1. Field of the Invention
The present invention relates to the implantation of an intramedullary nail (IMN) for repair of long bone internal fractures. More specifically, the present invention relates to a system and method for targeting and placement of locking members in an IMN by means of magnetic and mechanical guidance. The present invention provides guidance for both proximal and distal targeting in an IMN.
2. Brief Description of the Related Art
In order to repair long bone fractures it is often necessary to use implants known as intramedullary nails (IMN). For example, an IMN can be used to repair an internal fracture of the femoral or tibial shafts. Advantages associated with the usage of an IMN include providing sufficient stability to maintain alignment and length, and limit rotation of the fracture site. Further advantages include minimally invasive techniques, reduced hospitalization, earlier postoperative ambulation, and earlier active range of motion (ROM) when compared to some conventional casting or external fixation methods.
The standard operating procedure for the fixation of long bone fractures with an IMN consists of the implantation of the IMN, an elongated, rod-like, metallic orthopedic appliance into the affected medullary canal of a given long bone. The clinician typically starts with an incision and thereafter creates an opening in the proximal or distal end (antegrade or retrograde) of a given long bone, thereby providing access to the affected medullary canal in which the IMN is then implanted. One goal in IMN treatment is fracture reduction so that near anatomic alignment takes place under stabilized conditions, often facilitated by means of locking members, for example, locking screws that are integrated with an IMN.

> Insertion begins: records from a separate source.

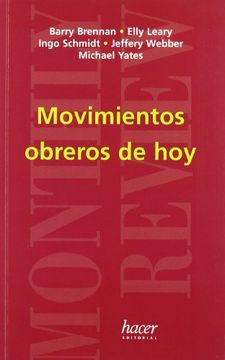 Movimientos obreros de hoy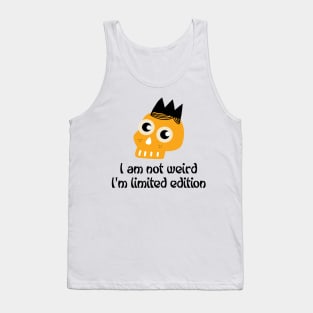 I am Not Weird I'm Limited Edition Tank Top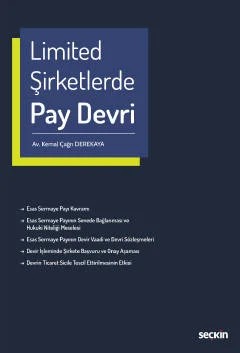 Limited Şirketlerde Pay Devri – Kemal Çağrı Derekaya – Seçkin Yayıncılık kitap kapağı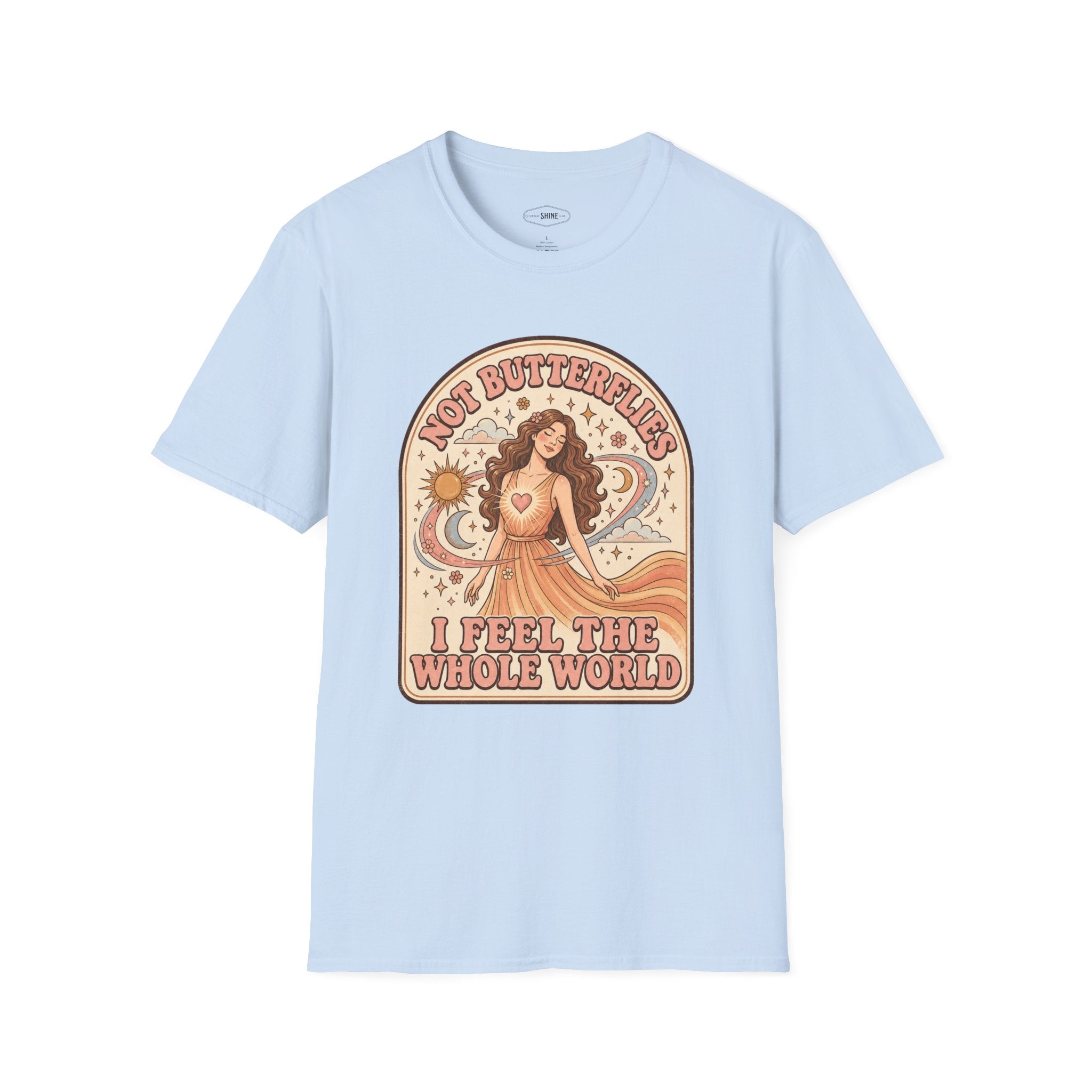 Not Butterflies I Feel the Whole World T-Shirt Vintage Design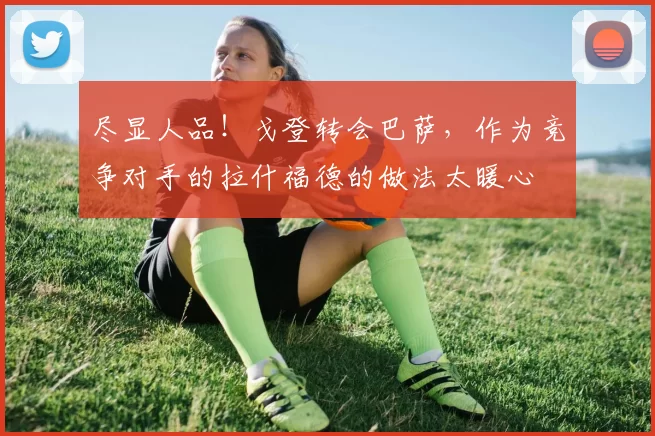 尽显人品！戈登转会巴萨，作为竞争对手的拉什福德的做法太暖心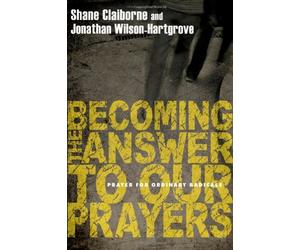 [(Becoming the Answer to Our Prayers: Prayer for Ordinary Radicals)] [ By (author) Shane Claiborne, By (author) Jonathan Wilson-Hartgrove ] [November, 2008]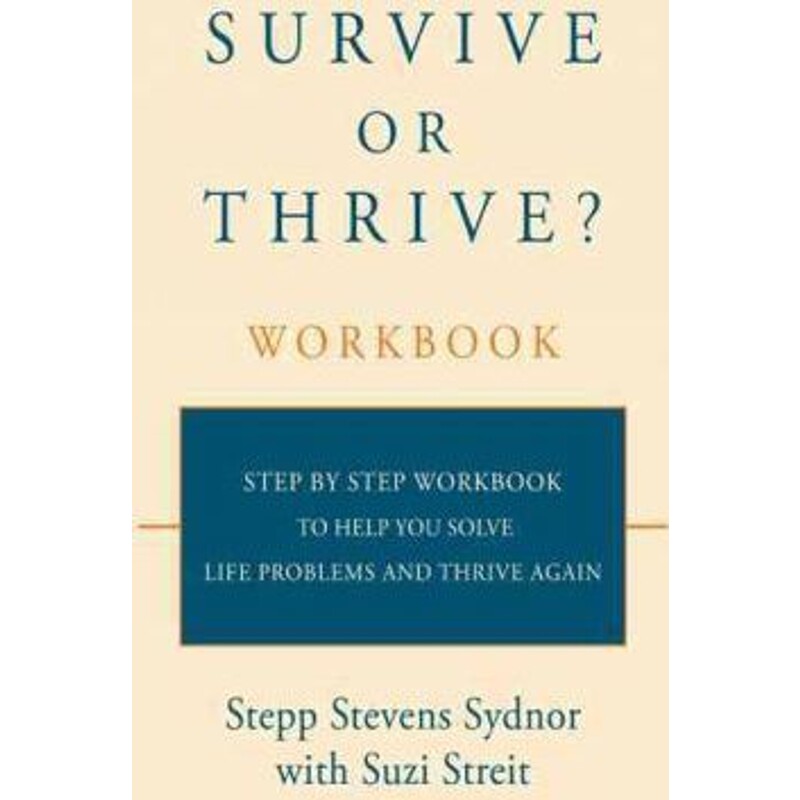 预订不退不换Survive or Thrive? Workbook:Step by step workbook to help you solve life problems and thrive again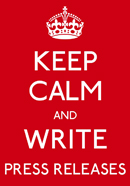 Keep Calm and Write Press Releases2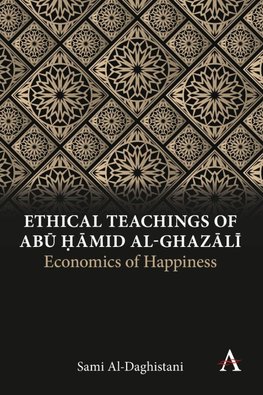 Ethical Teachings of Ab¿ ¿¿mid Al-Ghaz¿l¿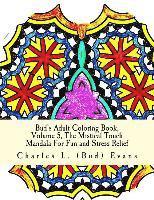 Bud's Adult Coloring Book, Volume 5, The Mistical Touch: Mandala For Fun and Stress Relief 1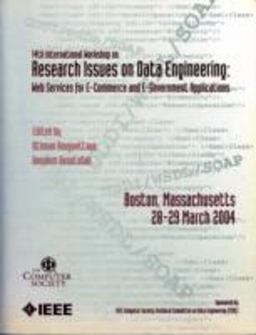 14th International Workshop on Research Issues in Data Engineering (RIDE-WS-ECEG 2004) 14th International Workshop on Research Issues in Data Engineering (RIDE-WS-ECEG 2004)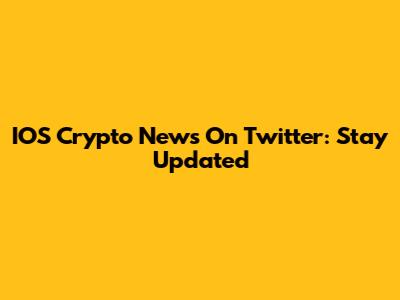 IOS Crypto News On Twitter: Stay Updated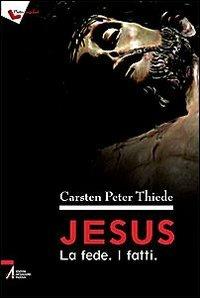 Jesus. La fede. I fatti - Carsten P. Thiede - Libro EMP - Edizioni Messaggero Padova 2009 | Libraccio.it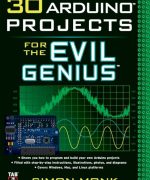 30 projects of arduino for evil genius simon monk 1st edition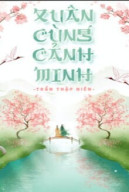 Xuân Cùng Cảnh Minh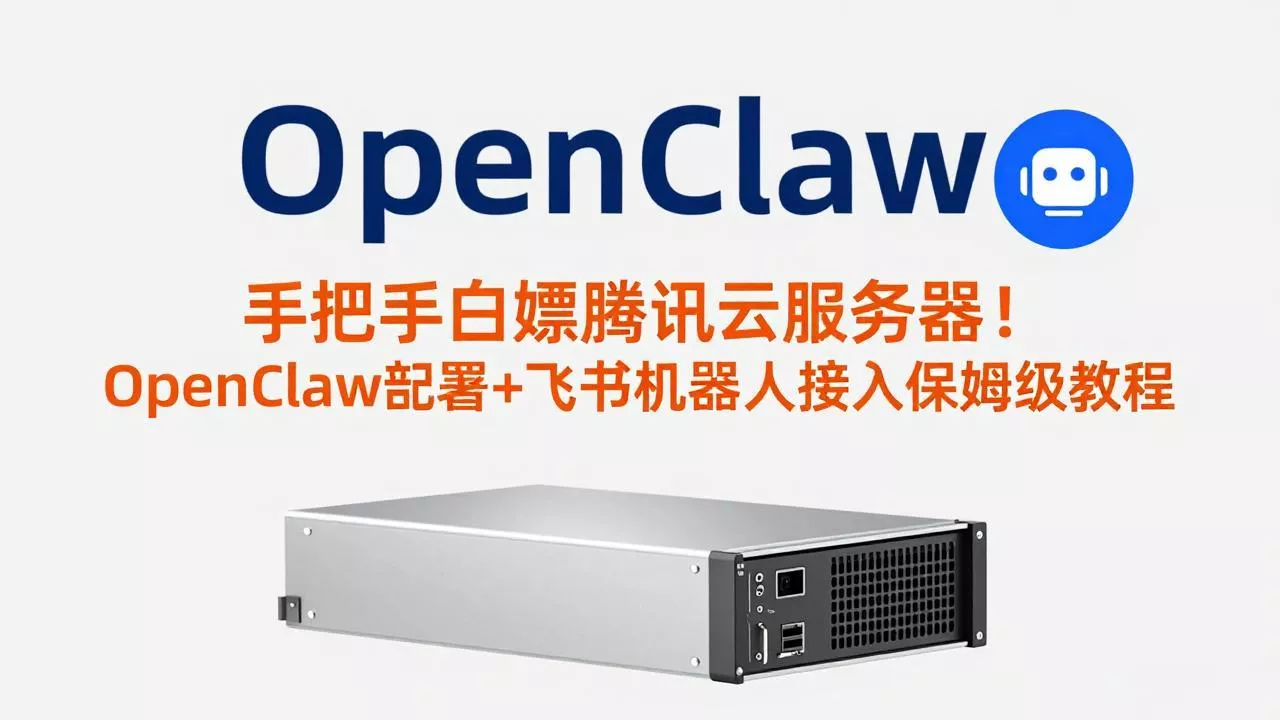 手把手白嫖腾讯云服务器!OpenClaw部署+飞书机器人接入保姆级教程 手把手白嫖腾讯云服务器!OpenClaw部署+飞书机器人接入保姆级教程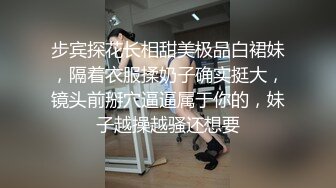 步宾探花长相甜美极品白裙妹，隔着衣服揉奶子确实挺大，镜头前掰穴逼逼属于你的，妹子越操越骚还想要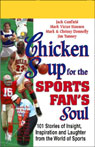 Chicken Soup for the Sports Fan's Soul: Stories of Insight, Inspiration, and Laughter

A given IMN is prefabricated, for example, with locking holes that are located in the general vicinity of the proximal and distal ends of the IMN. These locking holes can accept one or more interlocking screws. The locking screws when interlocked with an IMN are designed to stabilize the fracture and fix the bone relative to the implanted IMN.
Proximal interlocking screws are relatively easy to place in their corresponding locking holes due in part to minimal deformation at the proximal end of an implanted IMN and the use of rigid targeting guides that are fixed to the proximal end of the selected IMN. These external proximal targeting guides have integral guide bores oriented and positioned inline with the effective central axis of the proximal locking holes, thus facilitating proximal locking. In contrast, one of the most difficult procedural aspects of implanting an IMN has been the location, alignment, drilling and subsequent placement of the distal locking screws. This difficulty stems in part from distal deformations that occur in some IMN's when they are implanted in the affected medullary canal.
At least one contemporary study has demonstrated that a larger-diameter IMN, (cannular 13-mm) can, upon implantation, exhibit lateral deformations of 21.5±7.9 mm (range: 26.4 mm), dorsal deformations of 0.4±9.8 mm (range: 30.1 mm), and rotational deformations about the longitudinal axes of 10.0±3.1 degrees (range: 7.8 degrees). Such IMN distal end deformations make it difficult to use and rely on conventional targeting guides. Also, tight manufacturing tolerances that are needed between the IMN and the interlocking screws adding to the difficulty.
Attempts have been made to compensate for the above-mentioned deformations, through the use of hand-held powered magnetic targeting systems. Such techniques can include the use of a probe inserted into a cannular IMN. Once the probe in such a system is in place near the desired IMN's distal locking hole position, a hand-held guide is used to maintain proper alignment of a drill, and an electromagnetic display unit connected to the probe displays visual images that graphically indicate the manner in which the guide must be moved to bring it into proper alignment. Unfortunately, to ensure the drill hole is actually made in the desired location, such a system must still rely on the steady hand of the orthopedic surgeon, intense eye-hand coordination and is subject to the inaccuracies related to drill walk.
Unfortunately, contemporary apparatus fail to solve the problem of effectively targeting the distal locking hole positions. The combination of the deformation of the implanted IMN, the slight shake that is natural in hand-held instruments, the drift that often occurs with contemporary drills when drilling through bone, and other factors make it difficult to actually drill a hole that properly aligns with a distal locking hole position. Also, contemporary devices do not provide a reliable overall system for targeting and securing both proximal and distal locking hole positions.